Destaca-se neste panorama o controle democrático do Poder Legislativo sobre os limites da programação orçamentária dos gastos governamentais, dotando-se a prática de gravidade suficiente a propiciar a apuração dos ilícitos alegados, dada a inconstitucionalidade, ilegalidade e irresponsabilidade fiscal denotada pela conduta, atentatória aos princípios da separação de poderes, do controle parlamentar das finanças públicas e do respeito às leis orçamentárias, ao constranger-se o Poder Legislativo a aprovar uma meta fiscal que passa a depender da vontade exclusiva da presidente da República, diante do fato consumado e no intuito de evitar o colapso das contas públicas.

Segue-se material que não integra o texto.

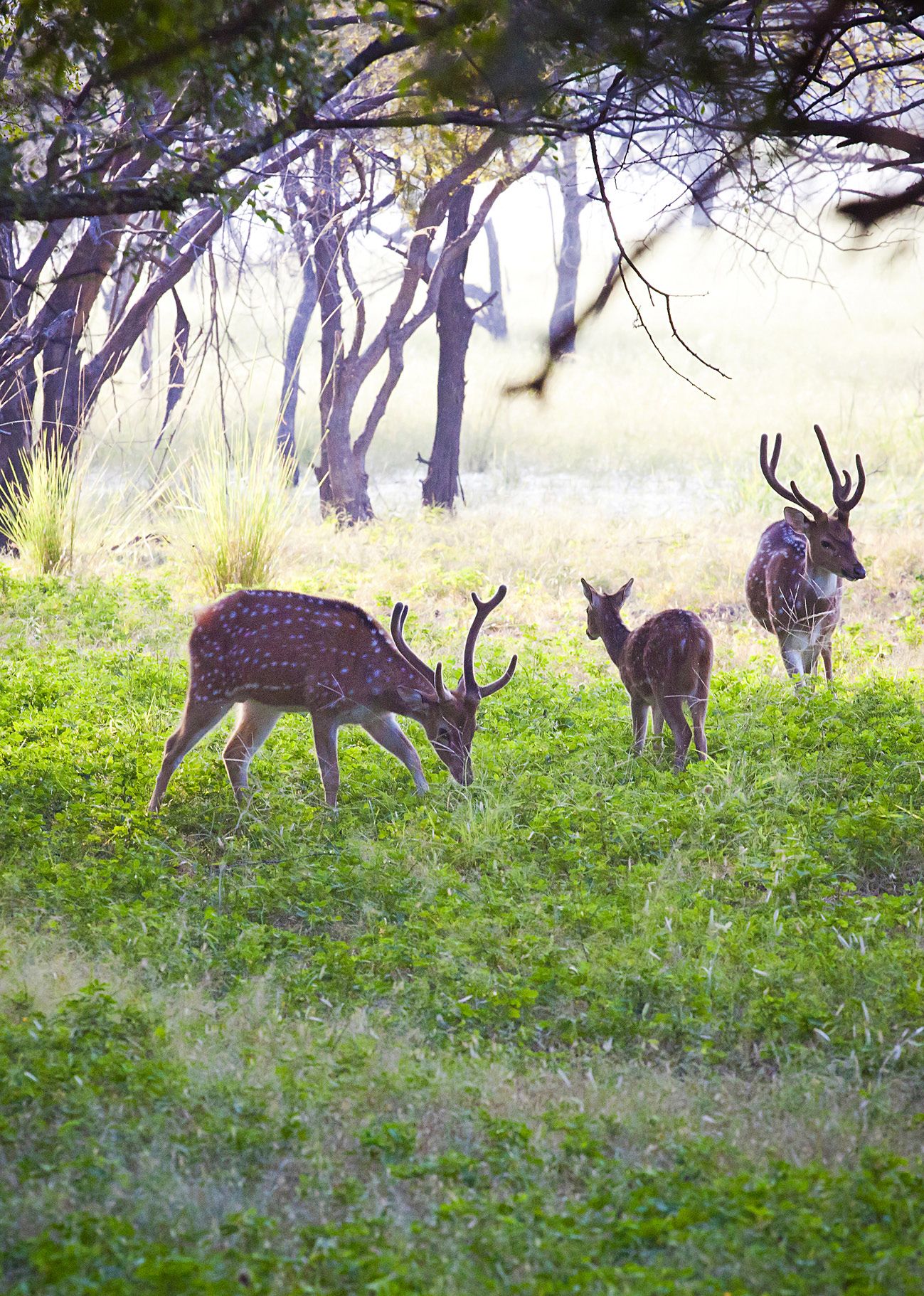 Rathamboren safarilla näkyi tällä kertaa peuroja, antilooppeja ja krokotiileja.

É inviável, portanto, sustentar que se trata de “golpe” um legítimo movimento das instituições democráticas de controle, baseadas no devido processo legal, submetidas ao crivo do Supremo Tribunal Federal e da opinião pública. Existem imputações típicas, ilícitas, graves, e concretas traduzidas na peça acusatória encaminhada ao Parlamento.

Fábio Medina Osório é advogado, doutor em Direito Administrativo pela Universidade Complutense de Madri e presidente do Instituto Internacional de Estudos de Direito do Estado (IIEDE).